(Stored items from a collection)
================
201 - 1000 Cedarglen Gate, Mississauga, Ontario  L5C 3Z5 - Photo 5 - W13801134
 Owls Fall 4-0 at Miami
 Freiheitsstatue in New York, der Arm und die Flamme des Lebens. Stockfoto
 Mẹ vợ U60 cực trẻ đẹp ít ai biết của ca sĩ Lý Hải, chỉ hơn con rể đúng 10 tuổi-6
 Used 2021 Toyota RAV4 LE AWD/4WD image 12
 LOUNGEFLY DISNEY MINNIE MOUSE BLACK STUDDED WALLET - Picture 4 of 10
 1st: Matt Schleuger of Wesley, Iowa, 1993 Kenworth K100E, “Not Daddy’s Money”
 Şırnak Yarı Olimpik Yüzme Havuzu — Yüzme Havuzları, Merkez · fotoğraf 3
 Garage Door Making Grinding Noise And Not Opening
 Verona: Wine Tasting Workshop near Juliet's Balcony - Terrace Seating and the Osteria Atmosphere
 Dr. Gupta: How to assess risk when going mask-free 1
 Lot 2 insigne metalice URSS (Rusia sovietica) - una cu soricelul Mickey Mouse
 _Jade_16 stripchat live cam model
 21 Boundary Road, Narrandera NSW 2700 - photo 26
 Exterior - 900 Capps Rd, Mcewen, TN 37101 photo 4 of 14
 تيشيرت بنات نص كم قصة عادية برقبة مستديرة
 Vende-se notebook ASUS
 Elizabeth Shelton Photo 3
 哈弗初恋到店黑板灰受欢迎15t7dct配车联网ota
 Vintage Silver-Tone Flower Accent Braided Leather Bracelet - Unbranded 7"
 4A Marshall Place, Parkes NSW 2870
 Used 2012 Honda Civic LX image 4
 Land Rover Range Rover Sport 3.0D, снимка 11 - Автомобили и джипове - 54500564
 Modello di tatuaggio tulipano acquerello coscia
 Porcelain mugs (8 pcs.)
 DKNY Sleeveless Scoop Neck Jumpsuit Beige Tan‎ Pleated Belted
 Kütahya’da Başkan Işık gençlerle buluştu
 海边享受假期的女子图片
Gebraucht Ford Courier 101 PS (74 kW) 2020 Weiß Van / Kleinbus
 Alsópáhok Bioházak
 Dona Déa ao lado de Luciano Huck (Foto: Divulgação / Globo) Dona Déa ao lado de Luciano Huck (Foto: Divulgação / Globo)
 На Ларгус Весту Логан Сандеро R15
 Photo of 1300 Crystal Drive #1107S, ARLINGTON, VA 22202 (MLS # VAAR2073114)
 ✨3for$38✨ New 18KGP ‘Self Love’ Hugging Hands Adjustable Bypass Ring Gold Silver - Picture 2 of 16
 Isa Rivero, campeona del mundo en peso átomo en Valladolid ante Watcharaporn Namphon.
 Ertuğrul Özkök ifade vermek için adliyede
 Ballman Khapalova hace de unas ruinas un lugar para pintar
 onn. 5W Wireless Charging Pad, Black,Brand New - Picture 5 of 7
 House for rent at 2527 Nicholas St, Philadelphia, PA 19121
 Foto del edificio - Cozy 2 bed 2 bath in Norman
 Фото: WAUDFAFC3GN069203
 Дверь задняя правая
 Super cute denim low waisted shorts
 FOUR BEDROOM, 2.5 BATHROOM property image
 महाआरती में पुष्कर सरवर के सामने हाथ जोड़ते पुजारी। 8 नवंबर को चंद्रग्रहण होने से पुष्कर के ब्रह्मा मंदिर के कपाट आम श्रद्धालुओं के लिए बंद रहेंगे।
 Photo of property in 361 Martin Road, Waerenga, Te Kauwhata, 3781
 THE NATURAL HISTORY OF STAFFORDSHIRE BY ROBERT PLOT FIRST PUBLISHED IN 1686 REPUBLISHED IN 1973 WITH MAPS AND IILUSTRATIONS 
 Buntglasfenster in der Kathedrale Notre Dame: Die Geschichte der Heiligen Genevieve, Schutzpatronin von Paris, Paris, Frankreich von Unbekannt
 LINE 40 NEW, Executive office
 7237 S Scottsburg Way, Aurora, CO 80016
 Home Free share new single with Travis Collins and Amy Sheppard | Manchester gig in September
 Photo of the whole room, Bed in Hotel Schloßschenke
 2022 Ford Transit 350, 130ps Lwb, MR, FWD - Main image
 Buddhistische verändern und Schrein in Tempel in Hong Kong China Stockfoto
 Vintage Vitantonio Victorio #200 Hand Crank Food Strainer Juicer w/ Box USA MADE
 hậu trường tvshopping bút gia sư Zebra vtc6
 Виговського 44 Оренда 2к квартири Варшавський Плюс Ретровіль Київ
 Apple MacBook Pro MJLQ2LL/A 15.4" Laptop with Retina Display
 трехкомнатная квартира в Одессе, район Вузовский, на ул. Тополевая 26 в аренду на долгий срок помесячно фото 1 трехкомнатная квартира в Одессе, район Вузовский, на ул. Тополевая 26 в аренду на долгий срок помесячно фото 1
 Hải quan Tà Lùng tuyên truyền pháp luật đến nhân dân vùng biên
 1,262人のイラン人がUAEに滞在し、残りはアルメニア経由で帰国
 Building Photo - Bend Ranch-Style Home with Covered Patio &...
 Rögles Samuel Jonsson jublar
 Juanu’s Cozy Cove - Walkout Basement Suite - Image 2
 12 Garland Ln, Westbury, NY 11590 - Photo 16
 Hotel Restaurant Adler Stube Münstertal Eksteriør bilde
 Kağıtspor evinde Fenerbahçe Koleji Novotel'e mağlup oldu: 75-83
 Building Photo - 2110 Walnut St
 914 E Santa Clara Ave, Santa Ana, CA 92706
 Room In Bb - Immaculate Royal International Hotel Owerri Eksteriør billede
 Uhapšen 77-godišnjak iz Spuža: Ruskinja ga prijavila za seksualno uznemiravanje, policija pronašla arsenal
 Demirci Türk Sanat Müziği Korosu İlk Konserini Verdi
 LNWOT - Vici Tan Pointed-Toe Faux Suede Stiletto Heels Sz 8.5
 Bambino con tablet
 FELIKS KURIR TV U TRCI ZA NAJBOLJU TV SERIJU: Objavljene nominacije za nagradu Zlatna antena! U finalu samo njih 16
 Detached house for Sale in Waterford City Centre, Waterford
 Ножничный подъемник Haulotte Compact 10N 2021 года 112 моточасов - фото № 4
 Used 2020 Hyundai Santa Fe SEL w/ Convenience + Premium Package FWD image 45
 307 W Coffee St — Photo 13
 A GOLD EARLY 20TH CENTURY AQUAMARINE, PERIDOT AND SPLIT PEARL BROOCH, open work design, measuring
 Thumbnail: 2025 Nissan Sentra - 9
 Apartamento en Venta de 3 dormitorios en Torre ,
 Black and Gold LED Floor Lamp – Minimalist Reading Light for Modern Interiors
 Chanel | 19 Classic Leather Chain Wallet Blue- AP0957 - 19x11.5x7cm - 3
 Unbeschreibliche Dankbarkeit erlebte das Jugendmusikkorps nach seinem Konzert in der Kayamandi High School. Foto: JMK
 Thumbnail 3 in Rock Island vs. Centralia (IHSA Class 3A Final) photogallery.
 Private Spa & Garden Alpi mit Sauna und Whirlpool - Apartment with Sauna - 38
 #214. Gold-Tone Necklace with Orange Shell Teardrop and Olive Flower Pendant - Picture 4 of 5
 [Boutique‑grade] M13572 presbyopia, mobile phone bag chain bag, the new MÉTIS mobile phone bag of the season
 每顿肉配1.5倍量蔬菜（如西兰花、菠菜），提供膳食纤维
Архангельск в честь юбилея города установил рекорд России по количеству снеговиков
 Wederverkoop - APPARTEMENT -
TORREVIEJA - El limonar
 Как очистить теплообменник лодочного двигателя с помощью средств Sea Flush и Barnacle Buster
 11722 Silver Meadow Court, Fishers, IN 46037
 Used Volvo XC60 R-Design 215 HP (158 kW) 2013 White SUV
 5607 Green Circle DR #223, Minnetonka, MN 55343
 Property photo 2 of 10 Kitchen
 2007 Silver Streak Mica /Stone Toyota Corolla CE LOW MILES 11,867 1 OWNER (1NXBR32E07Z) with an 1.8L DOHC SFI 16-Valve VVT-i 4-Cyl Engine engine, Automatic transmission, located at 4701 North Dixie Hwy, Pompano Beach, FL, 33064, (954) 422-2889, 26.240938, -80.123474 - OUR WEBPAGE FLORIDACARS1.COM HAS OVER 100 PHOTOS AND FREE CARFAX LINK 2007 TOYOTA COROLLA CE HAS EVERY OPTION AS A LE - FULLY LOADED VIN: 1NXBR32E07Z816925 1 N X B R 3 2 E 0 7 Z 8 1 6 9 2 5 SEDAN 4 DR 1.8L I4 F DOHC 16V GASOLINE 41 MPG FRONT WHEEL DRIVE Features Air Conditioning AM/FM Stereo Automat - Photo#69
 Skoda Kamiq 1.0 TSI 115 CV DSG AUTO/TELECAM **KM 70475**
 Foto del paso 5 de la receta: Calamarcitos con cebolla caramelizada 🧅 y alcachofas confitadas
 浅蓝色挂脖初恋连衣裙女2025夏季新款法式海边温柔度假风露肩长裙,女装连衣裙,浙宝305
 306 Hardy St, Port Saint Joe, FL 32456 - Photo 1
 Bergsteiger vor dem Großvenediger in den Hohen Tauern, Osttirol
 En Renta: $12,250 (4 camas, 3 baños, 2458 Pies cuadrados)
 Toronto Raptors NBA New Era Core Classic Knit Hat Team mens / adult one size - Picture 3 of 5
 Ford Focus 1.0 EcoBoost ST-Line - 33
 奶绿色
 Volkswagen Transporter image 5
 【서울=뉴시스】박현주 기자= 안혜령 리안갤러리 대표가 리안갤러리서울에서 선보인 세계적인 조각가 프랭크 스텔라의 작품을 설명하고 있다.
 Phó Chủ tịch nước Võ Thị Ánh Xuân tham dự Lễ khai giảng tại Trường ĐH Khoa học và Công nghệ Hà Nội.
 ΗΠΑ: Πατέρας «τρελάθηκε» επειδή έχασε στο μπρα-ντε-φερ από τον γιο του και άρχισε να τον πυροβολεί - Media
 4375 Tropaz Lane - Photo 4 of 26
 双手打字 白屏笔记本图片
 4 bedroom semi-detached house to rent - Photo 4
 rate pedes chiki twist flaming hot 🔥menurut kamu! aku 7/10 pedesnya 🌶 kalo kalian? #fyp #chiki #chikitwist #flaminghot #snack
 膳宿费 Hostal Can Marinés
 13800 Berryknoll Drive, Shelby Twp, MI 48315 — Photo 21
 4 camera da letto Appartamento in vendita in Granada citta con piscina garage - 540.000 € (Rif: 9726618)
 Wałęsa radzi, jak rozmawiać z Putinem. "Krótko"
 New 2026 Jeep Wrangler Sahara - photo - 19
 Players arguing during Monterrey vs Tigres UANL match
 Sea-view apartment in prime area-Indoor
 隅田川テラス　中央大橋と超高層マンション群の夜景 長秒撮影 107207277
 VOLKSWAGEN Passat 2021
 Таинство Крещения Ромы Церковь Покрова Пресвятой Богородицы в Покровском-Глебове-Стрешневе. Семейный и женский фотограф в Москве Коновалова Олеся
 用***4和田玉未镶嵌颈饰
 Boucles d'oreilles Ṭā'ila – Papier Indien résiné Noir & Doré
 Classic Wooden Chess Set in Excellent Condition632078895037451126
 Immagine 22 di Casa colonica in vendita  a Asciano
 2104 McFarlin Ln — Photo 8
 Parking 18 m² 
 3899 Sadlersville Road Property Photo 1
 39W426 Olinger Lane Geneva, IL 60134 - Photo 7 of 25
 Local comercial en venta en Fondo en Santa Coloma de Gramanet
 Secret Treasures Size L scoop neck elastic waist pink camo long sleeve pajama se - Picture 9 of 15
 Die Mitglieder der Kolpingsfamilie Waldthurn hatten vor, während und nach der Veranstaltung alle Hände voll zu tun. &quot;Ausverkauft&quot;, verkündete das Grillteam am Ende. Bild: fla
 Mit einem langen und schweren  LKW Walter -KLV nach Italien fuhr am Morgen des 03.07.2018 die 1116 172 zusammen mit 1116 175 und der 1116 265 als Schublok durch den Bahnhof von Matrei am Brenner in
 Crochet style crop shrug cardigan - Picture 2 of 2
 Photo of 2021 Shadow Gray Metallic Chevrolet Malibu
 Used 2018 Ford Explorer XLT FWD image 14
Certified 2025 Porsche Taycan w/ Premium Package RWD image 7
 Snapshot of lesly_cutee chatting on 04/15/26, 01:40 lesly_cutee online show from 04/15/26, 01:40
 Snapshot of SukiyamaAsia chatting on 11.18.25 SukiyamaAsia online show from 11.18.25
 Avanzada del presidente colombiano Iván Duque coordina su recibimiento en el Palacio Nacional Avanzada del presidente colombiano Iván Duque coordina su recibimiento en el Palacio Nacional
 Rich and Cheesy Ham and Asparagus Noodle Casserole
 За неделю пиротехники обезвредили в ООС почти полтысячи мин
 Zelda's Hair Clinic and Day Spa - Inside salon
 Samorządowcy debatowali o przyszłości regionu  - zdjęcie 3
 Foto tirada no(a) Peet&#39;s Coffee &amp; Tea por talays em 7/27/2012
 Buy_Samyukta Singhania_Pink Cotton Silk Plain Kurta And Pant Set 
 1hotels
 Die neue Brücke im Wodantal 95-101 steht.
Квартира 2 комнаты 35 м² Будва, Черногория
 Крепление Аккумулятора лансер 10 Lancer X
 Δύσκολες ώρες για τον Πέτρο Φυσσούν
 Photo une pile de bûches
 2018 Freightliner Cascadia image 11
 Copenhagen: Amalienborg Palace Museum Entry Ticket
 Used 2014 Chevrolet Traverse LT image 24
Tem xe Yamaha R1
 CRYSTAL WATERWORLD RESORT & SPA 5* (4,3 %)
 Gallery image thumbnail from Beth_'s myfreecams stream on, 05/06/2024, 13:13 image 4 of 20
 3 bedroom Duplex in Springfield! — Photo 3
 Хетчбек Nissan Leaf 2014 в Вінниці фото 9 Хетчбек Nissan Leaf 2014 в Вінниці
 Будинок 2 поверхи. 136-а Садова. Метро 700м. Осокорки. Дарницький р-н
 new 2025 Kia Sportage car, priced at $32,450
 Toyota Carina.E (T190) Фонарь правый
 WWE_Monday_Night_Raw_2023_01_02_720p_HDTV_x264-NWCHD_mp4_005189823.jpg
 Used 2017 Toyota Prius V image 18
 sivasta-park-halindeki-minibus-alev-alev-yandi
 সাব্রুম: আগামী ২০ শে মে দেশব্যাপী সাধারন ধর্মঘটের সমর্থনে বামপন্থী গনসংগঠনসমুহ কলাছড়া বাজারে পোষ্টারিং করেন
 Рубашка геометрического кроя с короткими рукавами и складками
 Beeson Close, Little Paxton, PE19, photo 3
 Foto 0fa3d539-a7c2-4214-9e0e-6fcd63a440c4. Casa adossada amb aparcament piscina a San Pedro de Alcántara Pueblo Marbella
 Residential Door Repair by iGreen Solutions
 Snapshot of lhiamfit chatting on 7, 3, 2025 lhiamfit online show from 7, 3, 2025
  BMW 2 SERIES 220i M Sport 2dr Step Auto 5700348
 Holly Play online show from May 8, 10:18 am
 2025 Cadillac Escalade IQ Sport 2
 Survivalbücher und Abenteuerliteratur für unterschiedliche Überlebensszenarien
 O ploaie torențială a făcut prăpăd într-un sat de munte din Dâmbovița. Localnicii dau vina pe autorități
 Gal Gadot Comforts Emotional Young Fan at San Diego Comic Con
================
What you will do. Scan the entries above for the string "Snapshot", and copy every line where it turns up.

Answer below.
 Snapshot of lesly_cutee chatting on 04/15/26, 01:40 lesly_cutee online show from 04/15/26, 01:40
 Snapshot of SukiyamaAsia chatting on 11.18.25 SukiyamaAsia online show from 11.18.25
 Snapshot of lhiamfit chatting on 7, 3, 2025 lhiamfit online show from 7, 3, 2025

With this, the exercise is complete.